U.S. Marines with Golf Company, 2nd Battalion, 3rd Regiment run to take position behind a building after being fired on by Taliban while on patrol in the village of Dahaneh, in Helmand province, Afghanistan, on Aug. 28.
U.S. Marines with Golf Company, 2nd Battalion, 3rd Regiment run to take position behind a building after being fired on by Taliban while on patrol in the village of Dahaneh, in Helmand province, Afghanistan, on Aug. 28. Julie Jacobson/AP
The Obama administration is exploring new options for Afghanistan. One reported proposal — said to be favored by Vice President Joe Biden — calls for scaling back the U.S. military presence and focusing on protecting large population centers.
Preventing the Taliban from gaining control again is a key premise of the Obama administration's current strategy for Afghanistan. But there are increasing questions about the threat the Taliban actually pose to U.S. national security interests.
The goal of the U.S. counterinsurgency strategy in Afghanistan has been to disrupt, dismantle and defeat al-Qaida. To that end, the theory goes, the Taliban must also be defeated, in order to prevent them from regaining control of Afghanistan and once again offering al-Qaida safe haven from which to plot attacks against the U.S.
Mistake To Conflate Taliban, Al-Qaida
This thinking is misguided, says Ted Galen Carpenter, a defense and foreign policy expert at the Cato Institute, a libertarian think tank.
"It has been a big mistake of U.S. policymakers to completely conflate al-Qaida and the Taliban. The former is a foreign terrorist organization with the United States in its cross hairs. The latter is a parochial insurgency. It is not a direct security threat to the United States," he explains.
Carpenter says that over the years, the U.S. has drifted into war against the Taliban in Afghanistan — not primarily against al-Qaida, which U.S. intelligence officials say has been entrenched in neighboring Pakistan since being driven from Afghanistan in late 2001 by American forces. Carpenter says it is time to rethink the strategy.
"If al-Qaida is not in Afghanistan, why on Earth are we in Afghanistan? We went there to defeat al-Qaida. If this isn't the arena for al-Qaida anymore, then our mission seems to have no rational purpose whatever," he says.

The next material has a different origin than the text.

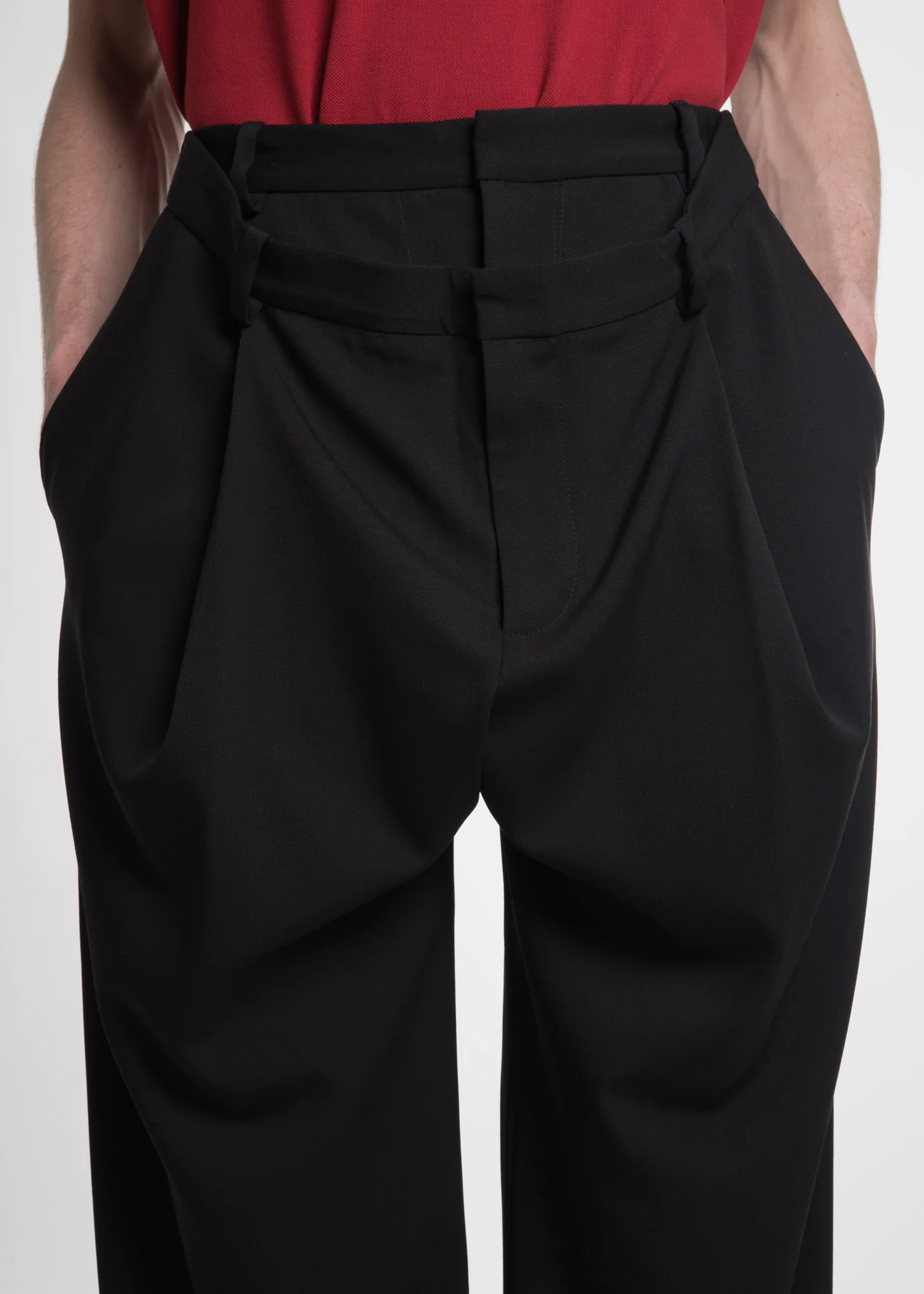 Black Draped Front Trousers - Image 6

Even if the Taliban were able to re-establish control, Carpenter says, it's not at all certain that they would allow al-Qaida to use Afghanistan as a training and logistical base again. After all, the Taliban were driven from power because of their association with al-Qaida.
Taliban Provide More Than Just Safe Haven
But Frederick Kagan, with the American Enterprise Institute, a conservative think tank, disagrees. Kagan, an adviser to Gen. Stanley McChrystal, the top U.S. commander in Afghanistan, says the Taliban's links with al-Qaida are strong and go far beyond providing safe haven in Afghanistan.
"The reason al-Qaida was there was because of an ideological affinity between the Taliban leaders and [Osama] bin Laden and his group and because of personal ties between the groups that go back to the 1980s, and I don't think that there's any evidence to suggest those personal ties or ideological ties weakened," Kagan says.
Paul Pillar, a former national intelligence officer who is now a professor at Georgetown University, questions how much of an advantage al-Qaida would gain if the Taliban regained power.
Pillar says al-Qaida could become an easier target if it moves from Pakistan and tries to regroup in Afghanistan. He also notes that groups such as al-Qaida don't actually need a haven nowadays: Globalization has led to freer movement of ideas, people and money, which has been exploited by international terrorists. And that means they are not beholden to any one headquarters.
"Most of the things that terrorists may do, and what comes to be regarded as a safe haven, can very easily be done — or at least with little additional cost and trouble — someplace else, including hiding places in Western countries," Pillar says.
Taliban, Too, May Pose Threat To U.S.
Brian Glyn Williams, a professor of Islamic history at the University of Massachusetts Dartmouth, says it might not be al-Qaida that the U.S. would need to worry about if the Taliban were able to gain control in all or even parts of Afghanistan. Williams says the Taliban have become more sophisticated in their tactics over the past few years and more global in their thinking.
"I'm afraid the Taliban of 2001 is not the Taliban of 2009, that they have become more radicalized, more extreme. They've become closer to al-Qaida, and they will see the U.S. as an enemy for removing them from power back in 2001," Williams says.
Some analysts say the U.S. should have good enough intelligence — and certainly the use of unmanned drones — to prevent al-Qaida from setting up shop once again in Afghanistan.
But as one analyst pointed out, despite all of the intelligence assets the U.S. has in Afghanistan — and all the drones flying around the region — it still hasn't been able to wipe out terrorist networks.